Figure 9 displays the results.

Figure 9: BIBD with Directional Row-Neighbor Balance

Block Design Efficiency Criterion 100.0000

Number of Treatments, t 7

Block Size, k 4

Number of Blocks, b 14

Treatment Frequency 8

Pairwise Frequency 4

Total Sample Size 56

Positional Frequencies Optimized? No

Row-Neighbor Frequencies Optimized?
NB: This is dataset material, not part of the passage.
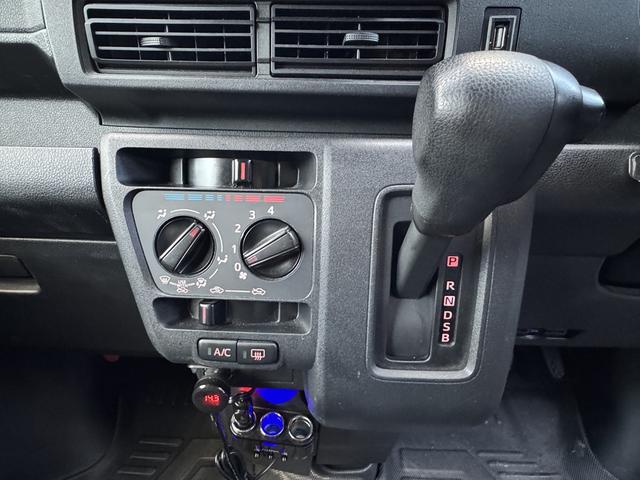 ハイゼットカーゴ クルーズ　アルパイン９インチディスプレイオーディオ　バックカメラ　スマートアシスト　デジタルミラー型ドライブレコーダー　スマートキー　ＬＥＤヘッドライト　フロントパワーウィンドウ　プレミアブロンズ１年保証（15枚目）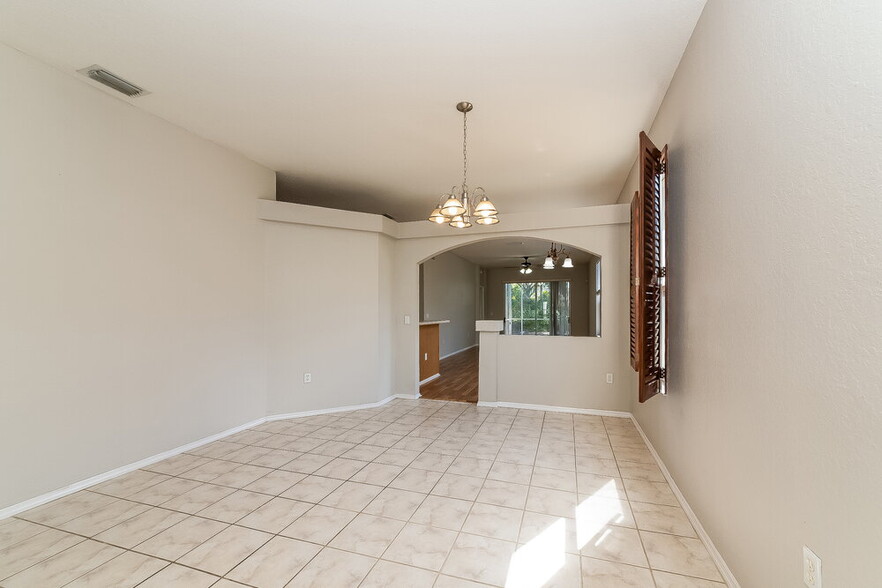 Building Photo - 12262 Hollybush Terrace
No

Treatment by Treatment Frequencies

  1 2 3 4 5 6 7
1 8 4 4 4 4 4 4
2 . 8 4 4 4 4 4
3 . . 8 4 4 4 4
4 . . . 8 4 4 4
5 . . . . 8 4 4
6 . . . . . 8 4
7 . . . . . . 8

Treatment by Position Frequencies

  1 2 3 4
1 2 2 2 2
2 2 3 2 1
3 2 2 2 2
4 2 2 2 2
5 2 2 2 2
6 2 2 2 2
7 2 1 2 3

Row-Neighbor Frequencies

  1 2 3 4 5 6 7
1 . 1 1 1 1 1 1
2 1 . 1 1 1 2 1
3 1 1 . 1 1 1 1
4 1 1 1 . 1 1 1
5 1 1 1 1 . 1 1
6 1 1 1 1 1 . 1
7 1 1 1 1 1 0 .

Balanced Incomplete Block Design

x1 x2 x3 x4
2 6 1 4
5 4 3 1
1 5 7 2
7 3 5 6
7 5 2 4
2 3 4 6
1 2 6 5
5 1 6 3
4 2 5 3
6 7 4 5
3 6 2 7
3 2 1 7
6 4 7 1
4 1 3 7


The following requests a design where it is not possible to have constant frequencies in the row-neighbor frequencies matrix:

%mktbibd(b=7, t=7, k=4, options=serial, seed=104)
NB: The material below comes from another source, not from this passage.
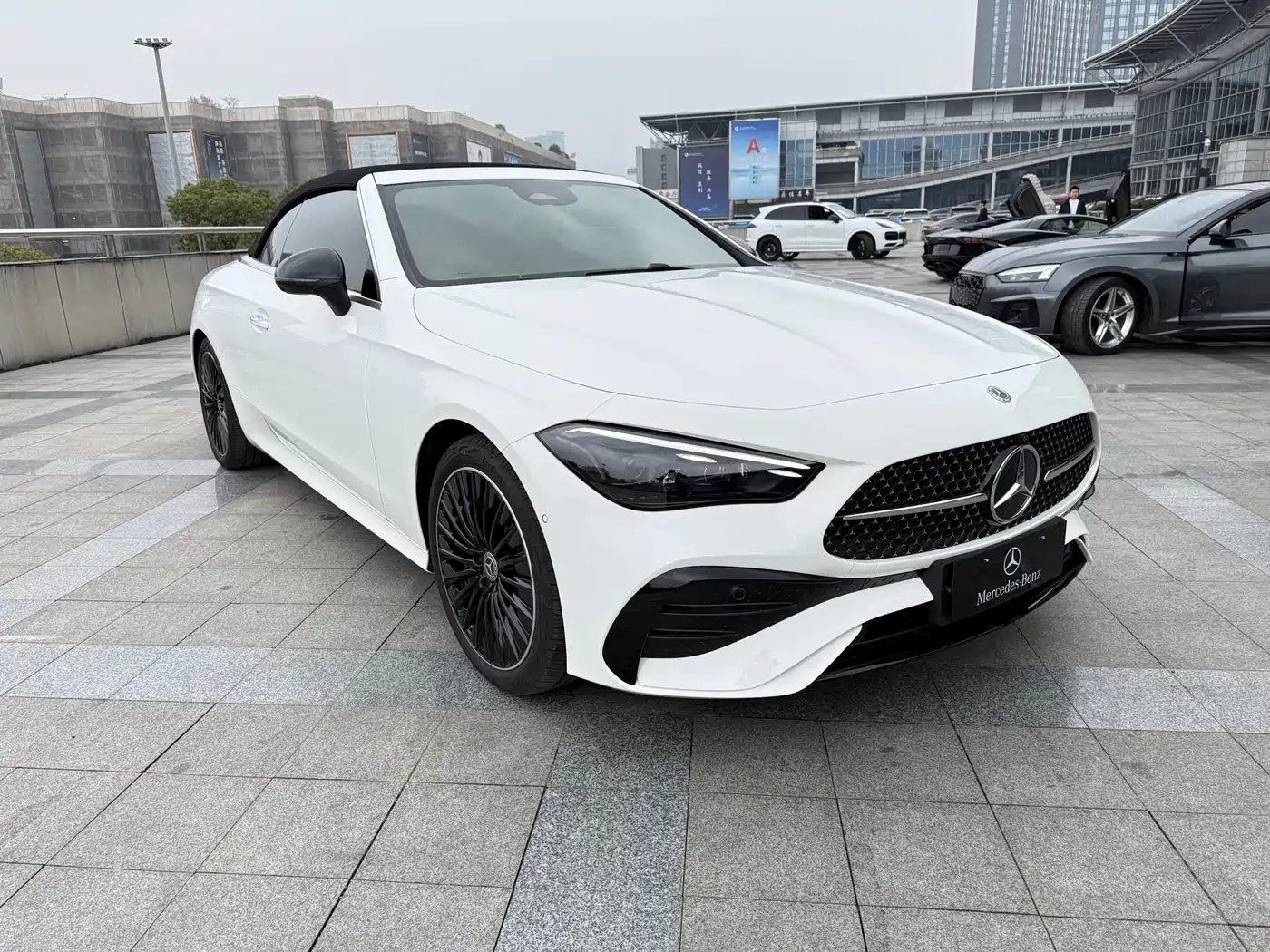 Mercedes-Benz CLE 2025 CLE 300 4MATIC Convertible фото 3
Figure 10 displays the results.

Figure 10: BIBD with Unachievable Directional Row-Neighbor Balance

Block Design Efficiency Criterion 100.0000

Number of Treatments, t 7

Block Size, k 4

Number of Blocks, b 7

Treatment Frequency 4

Pairwise Frequency 2

Total Sample Size 28

Positional Frequencies Optimized? Yes

Row-Neighbor Frequencies Optimized? Yes

Treatment by Treatment Frequencies

  1 2 3 4 5 6 7
1 4 2 2 2 2 2 2
2 . 4 2 2 2 2 2
3 . . 4 2 2 2 2
4 . . . 4 2 2 2
5 . . . . 4 2 2
6 . . . . . 4 2
7 . . . . . . 4

Treatment by Position Frequencies

  1 2 3 4
1 1 1 1 1
2 1 1 1 1
3 1 1 1 1
4 1 1 1 1
5 1 1 1 1
6 1 1 1 1
7 1 1 1 1

Row-Neighbor Frequencies

  1 2 3 4 5 6 7
1 . 0 1 1 1 0 0
2 0 . 1 0 0 1 1
3 1 0 . 0 0 1 1
4 0 1 0 . 1 1 0
5 1 1 0 0 . 0 1
6 0 0 1 1 1 . 0
7 1 1 0 1 0 0 .

Balanced Incomplete Block Design

x1 x2 x3 x4
6 4 2 7
7 1 3 6
5 2 6 3
4 6 5 1
3 7 4 5
2 3 1 4
1 5 7 2


The %MktBIBD macro reports that the row-neighbor frequencies are optimized because a mix of zeros and ones with no twos or larger values is optimal for this specification. However, the nonconstant frequencies indicate that row-neighbor balance is not possible for this BIBD.